--- DATA SEGMENT ---
━━━━━━━━━━━━━━━━
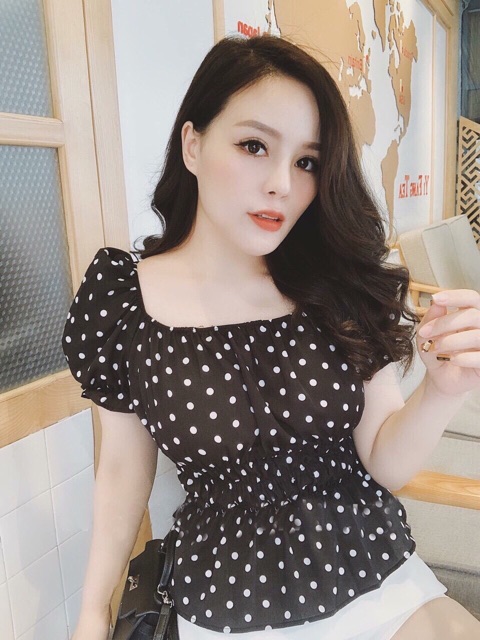 Áo croptop Áo croptop chấm bi FREESHIP Nhập MADEBY20 giảm 20k đơn trên 300k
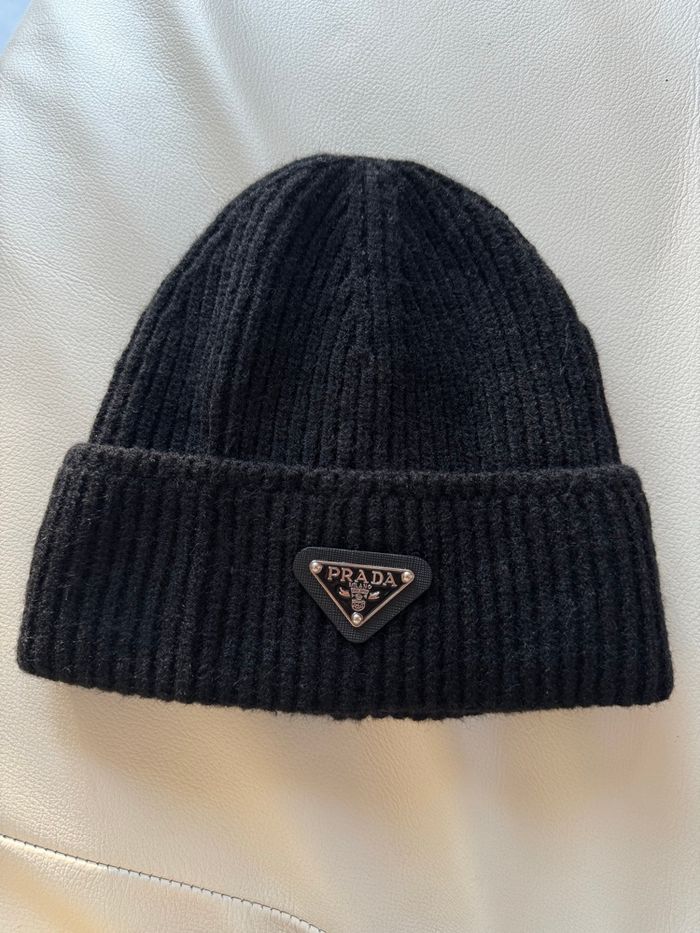 Bonnet prada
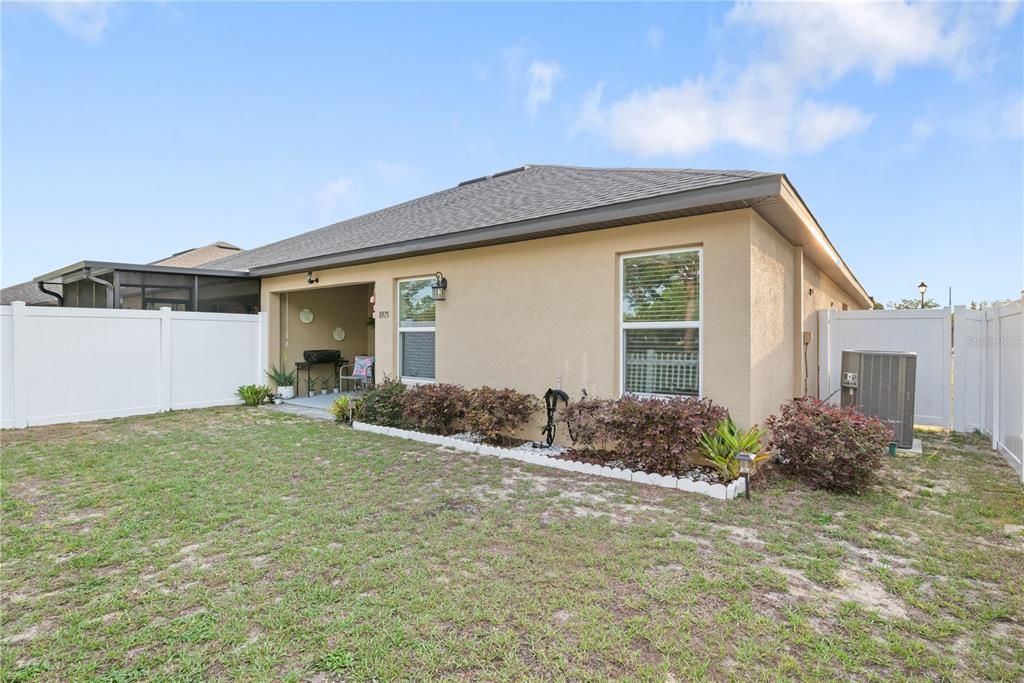 Backyard, Exterior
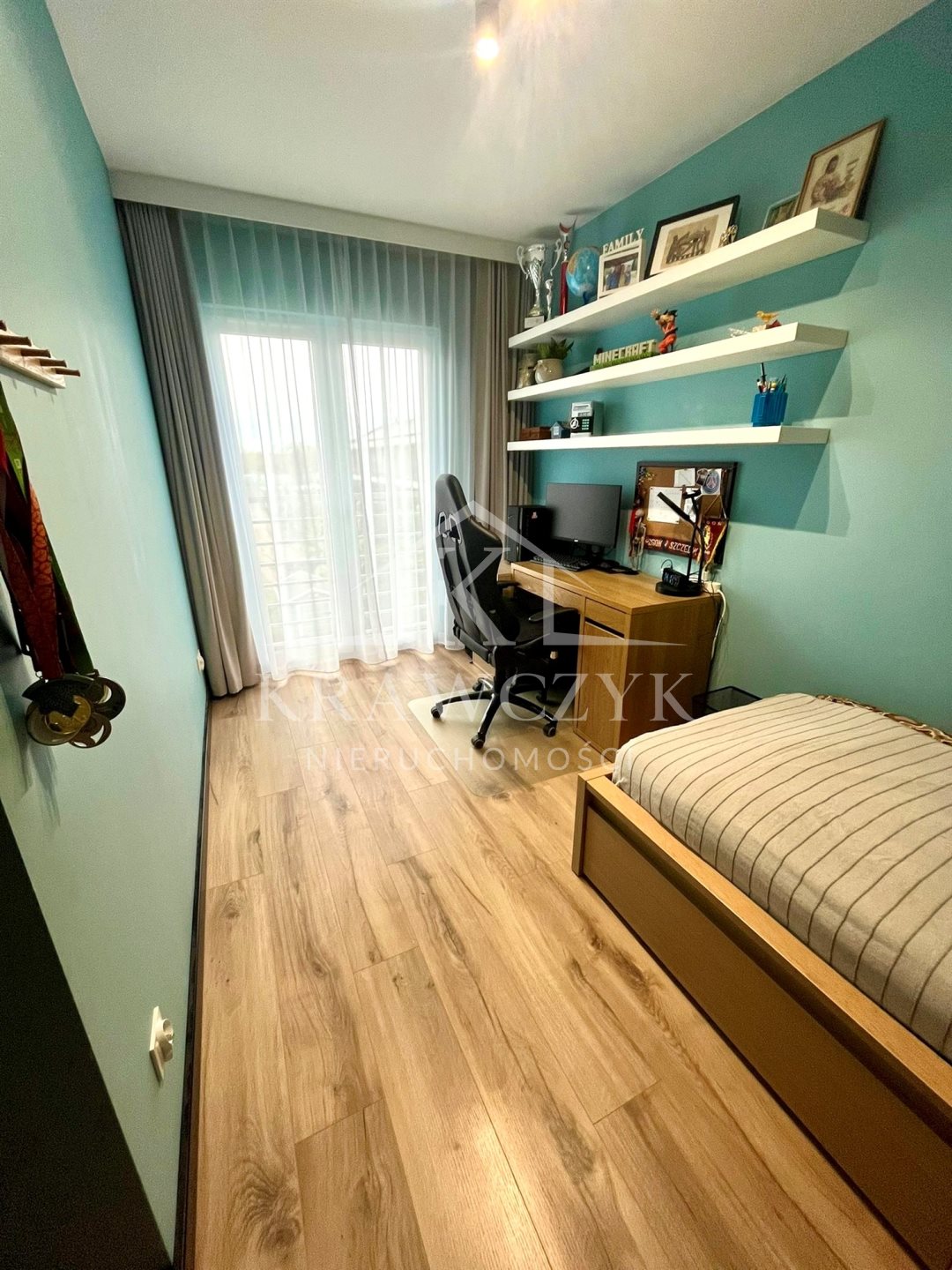 GUMIEŃCE SZEREG 2022r. 4pok. 2 m.parkingowe, ogród (9)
━━━━━━━━━━━━━━━━
--- WHAT THE EXERCISE ASKS ---
All of the material should be written out again exactly, apart from the pictures.

--- WRITTEN ANSWER ---
 Áo croptop Áo croptop chấm bi FREESHIP Nhập MADEBY20 giảm 20k đơn trên 300k
 Bonnet prada
 Backyard, Exterior
 GUMIEŃCE SZEREG 2022r. 4pok. 2 m.parkingowe, ogród (9)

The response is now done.